Short descriptive text snippets:
== Segment start ==
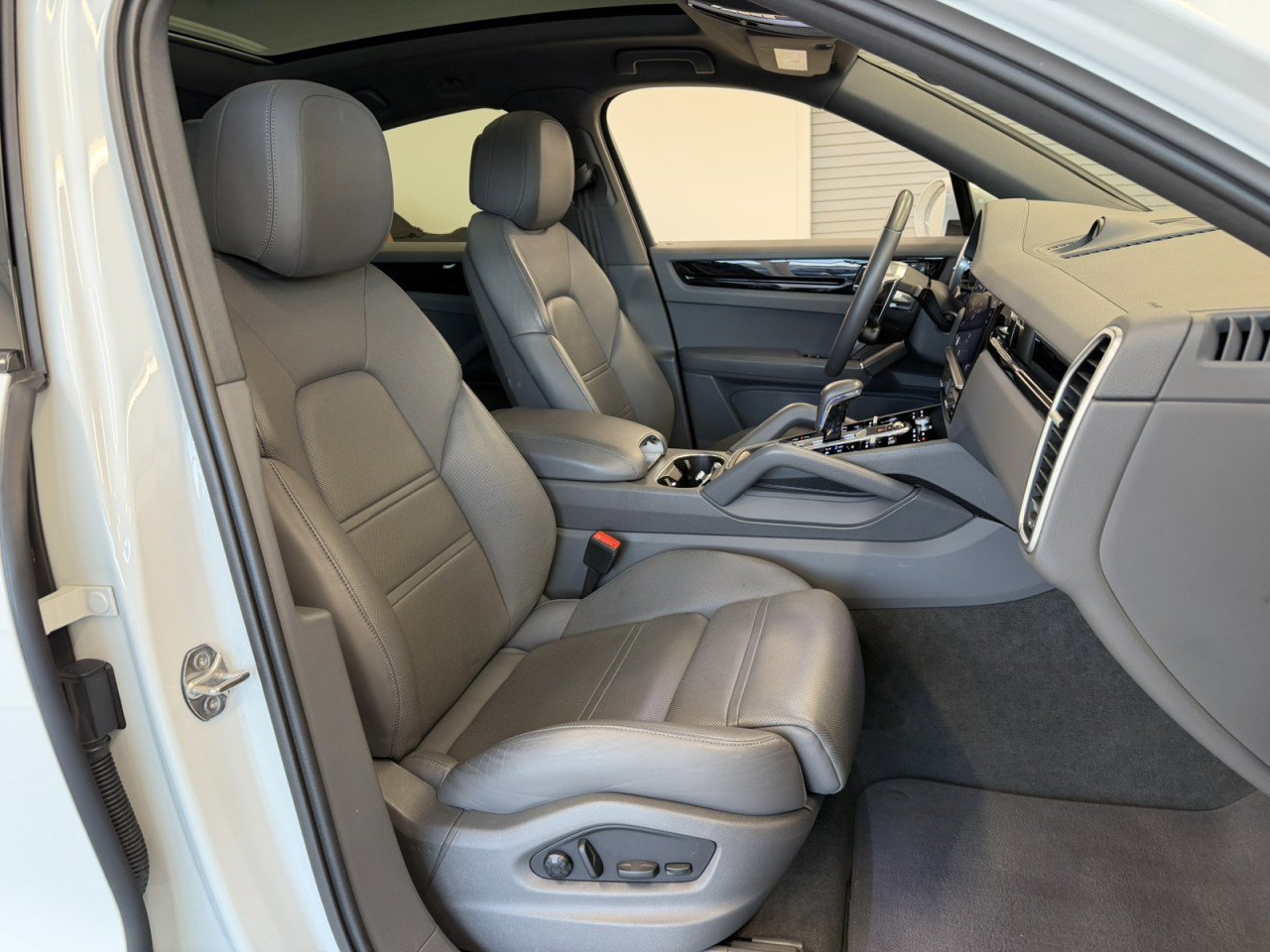 Used 2023 Porsche Cayenne Platinum Edition AWD/4WD image 41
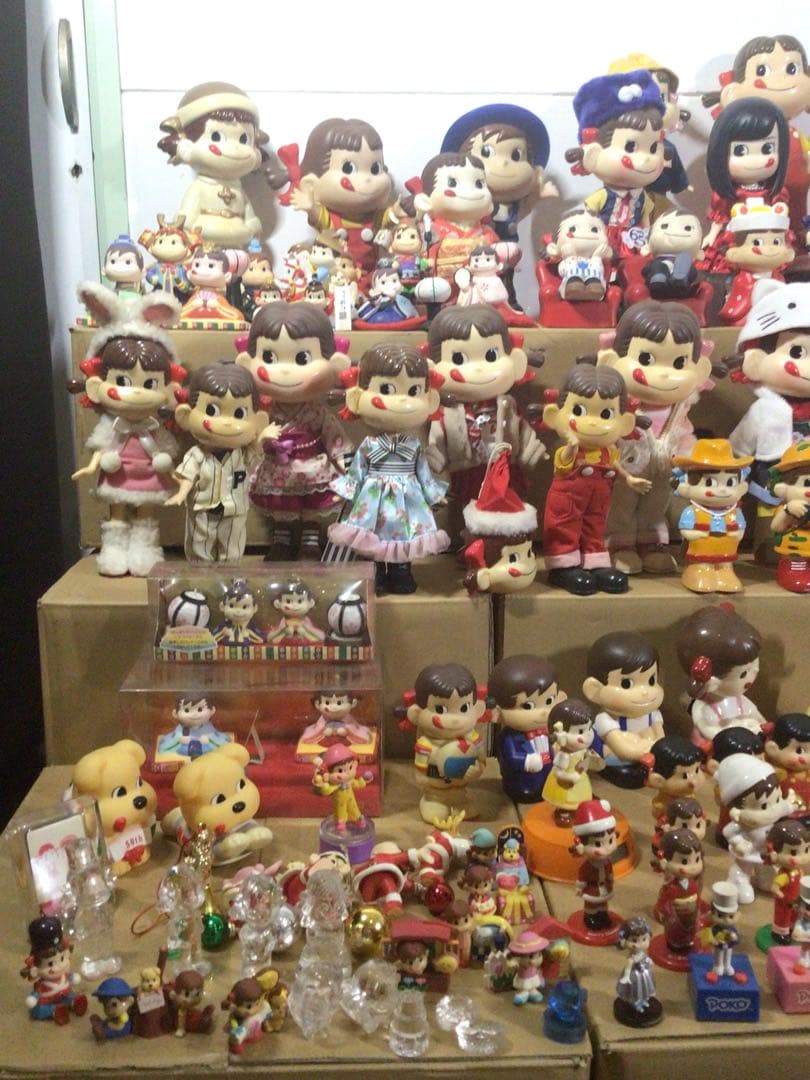 引退コレクション♪不二家 FUJIYA ペコちゃん人形 グッズ 総数200点以上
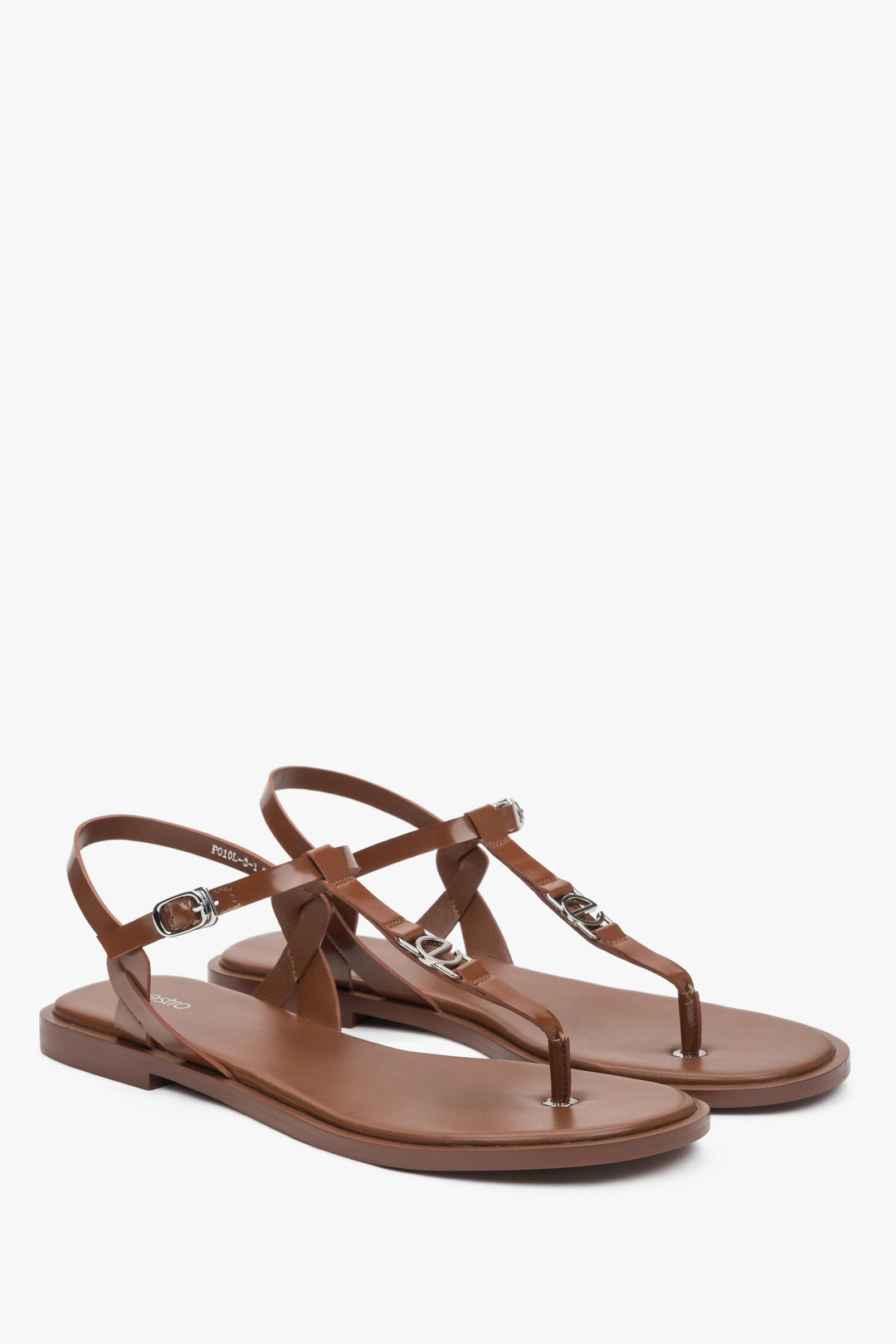 Schrägansicht des Paares brauner Leder-Sandalen mit feinem Fesselriemchen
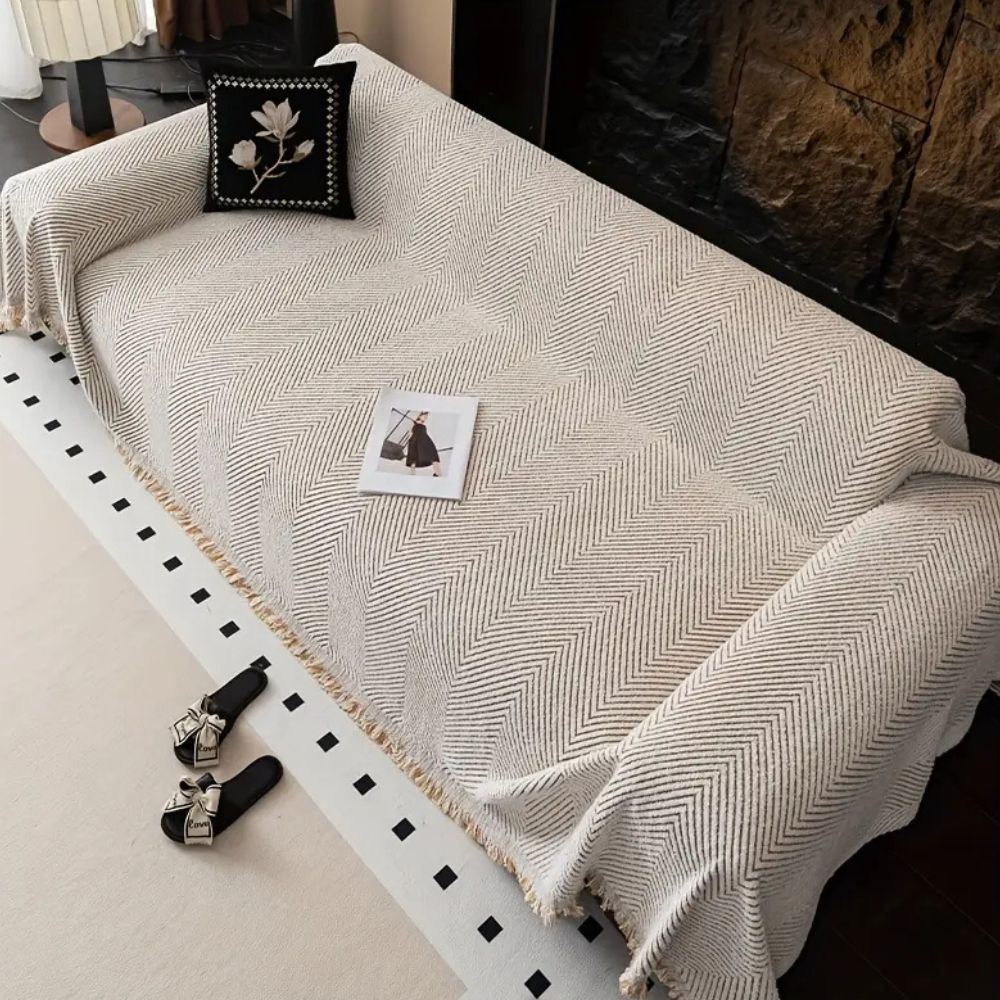 Gewebter Sofabezug mit Fischgrätmuster – Schutzdecke für Sofa & Sessel | Restfield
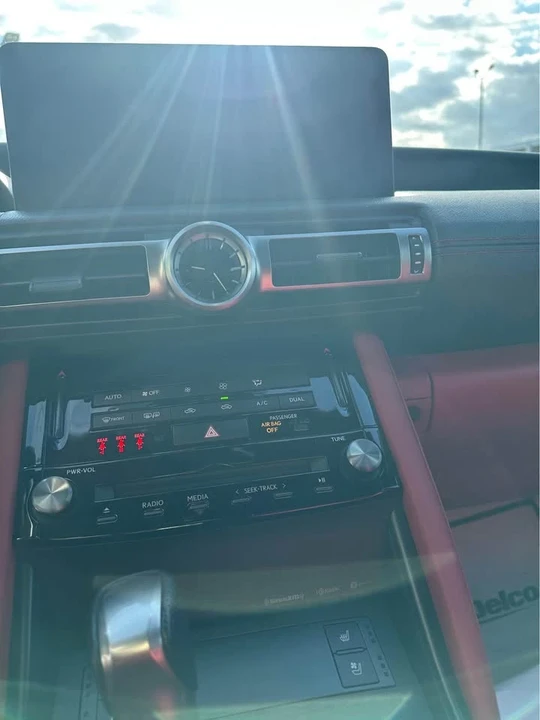 2022 Lexus IS 3rd Gen - Image 10 of 12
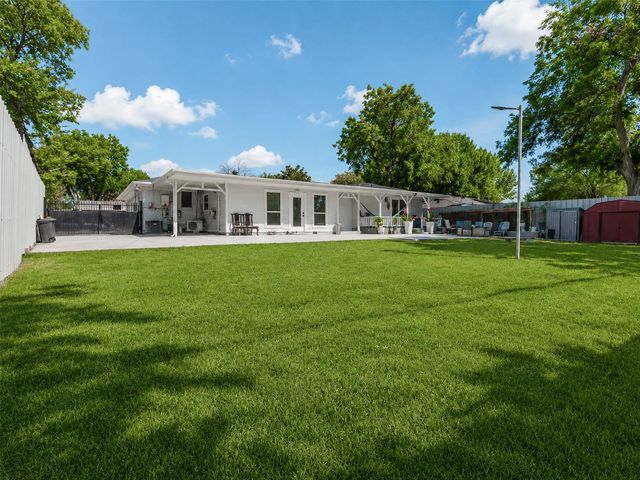 500 Oakwood Drive, Euless, TX 76040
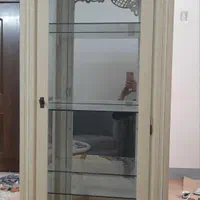 ویترین به فروش میرسد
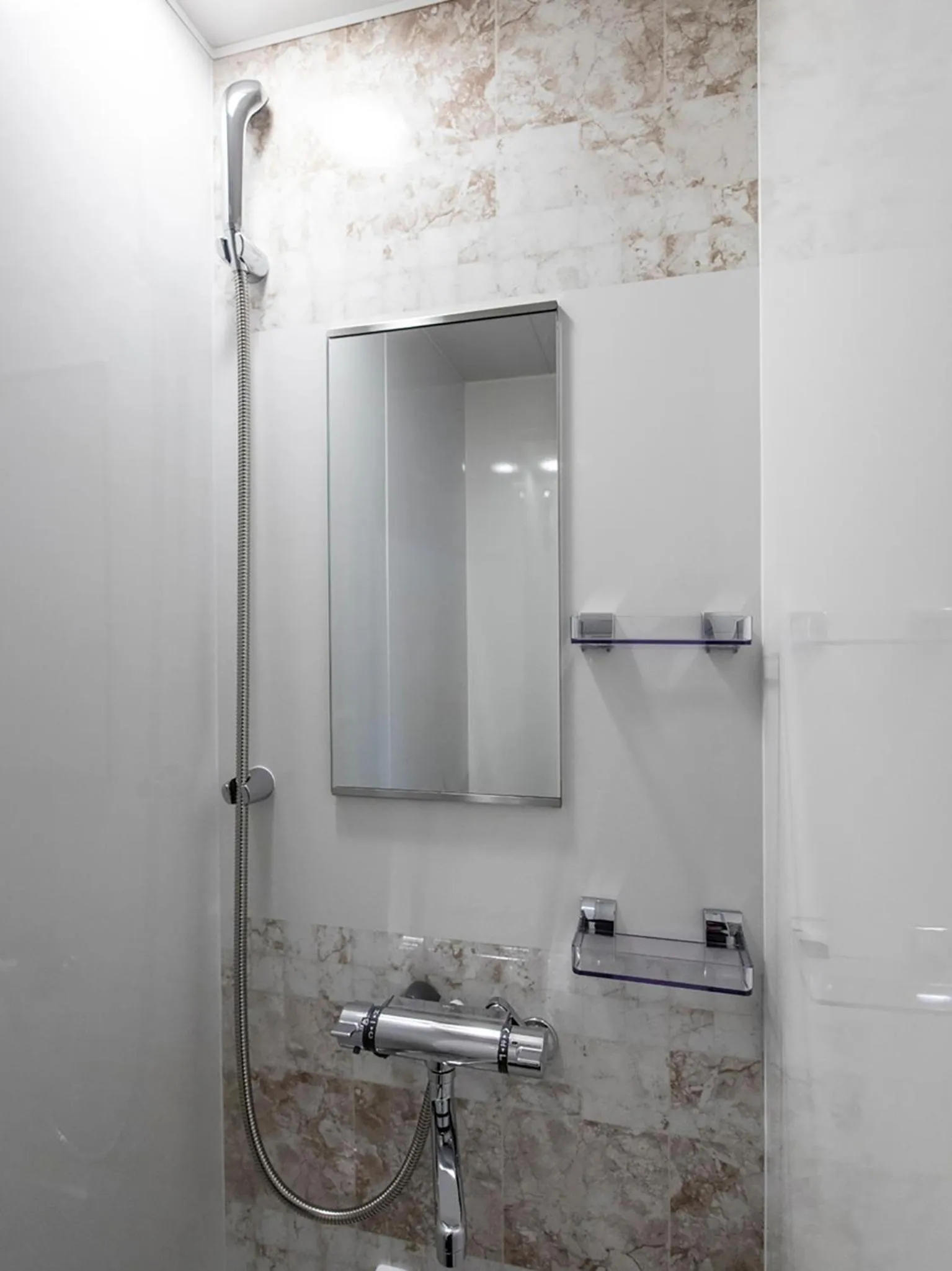 Shower in Aoyama Lodge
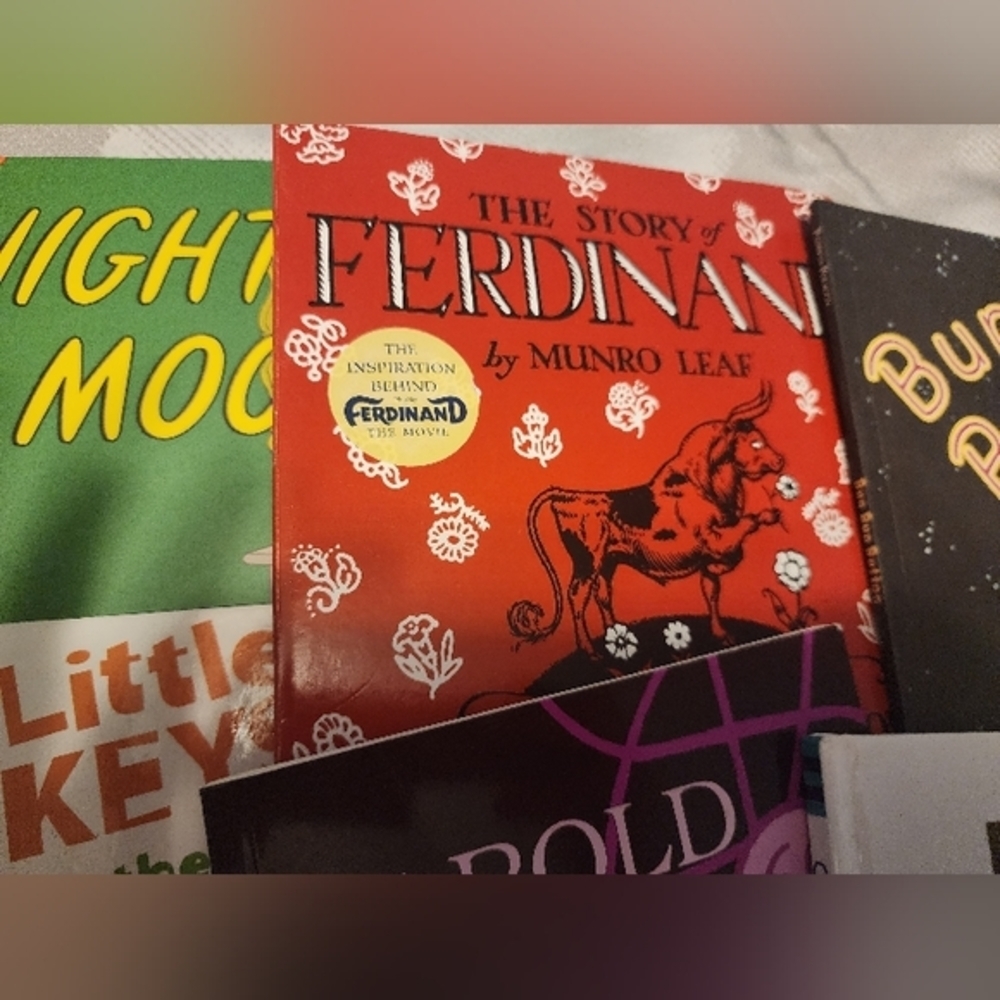 Kids Classic Must Have In Library Books! Six! Goodnight Moon, 5 Monkeys & More! - Picture 4 of 7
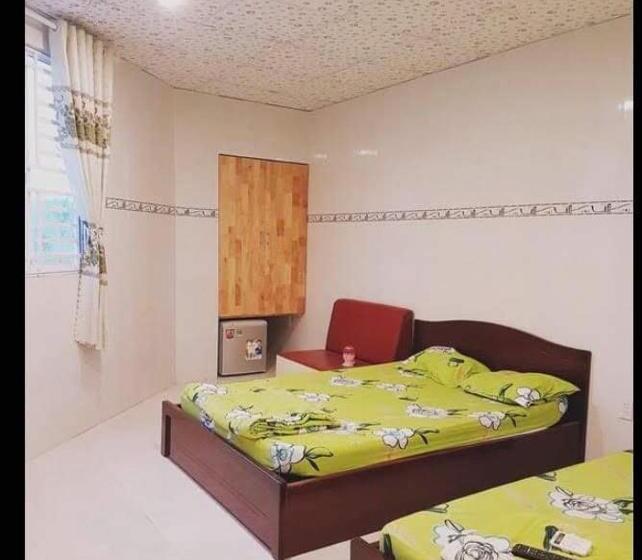 تختخواب و صبحانه Nhà Nghĩ Thanh Bình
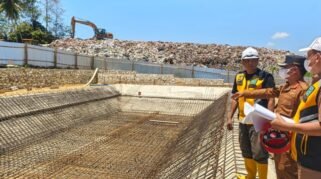 Bupati Bone Tinjau Pembangunan Instalasi Pengelolaan Lumpur Tinja Rp8 Miliar di Passippo 21 Bupati Bone Tinjau Pembangunan Instalasi Pengelolaan Lumpur Tinja Rp8 Miliar di Passippo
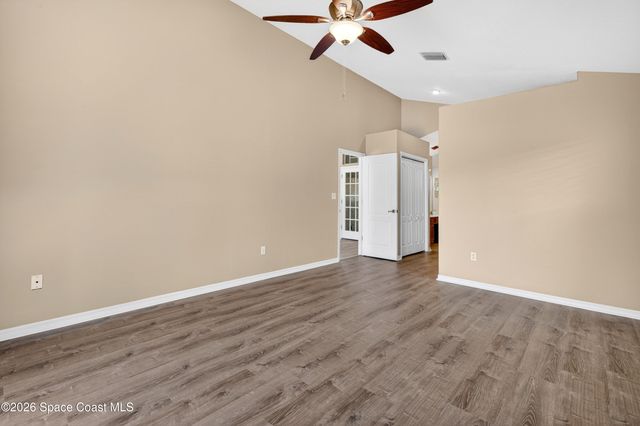 306 Lake Victoria Circle, Melbourne, FL 32940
== Segment end ==
What you have to do >>
Only the lines from the one with "Gewebter Sofabezug mit" through the final line of the entries above should be transcribed, exactly and without pictures.

Your response >>
 Gewebter Sofabezug mit Fischgrätmuster – Schutzdecke für Sofa & Sessel | Restfield
 2022 Lexus IS 3rd Gen - Image 10 of 12
 500 Oakwood Drive, Euless, TX 76040
 ویترین به فروش میرسد
 Shower in Aoyama Lodge
 Kids Classic Must Have In Library Books! Six! Goodnight Moon, 5 Monkeys & More! - Picture 4 of 7
 تختخواب و صبحانه Nhà Nghĩ Thanh Bình
 Bupati Bone Tinjau Pembangunan Instalasi Pengelolaan Lumpur Tinja Rp8 Miliar di Passippo 21 Bupati Bone Tinjau Pembangunan Instalasi Pengelolaan Lumpur Tinja Rp8 Miliar di Passippo
 306 Lake Victoria Circle, Melbourne, FL 32940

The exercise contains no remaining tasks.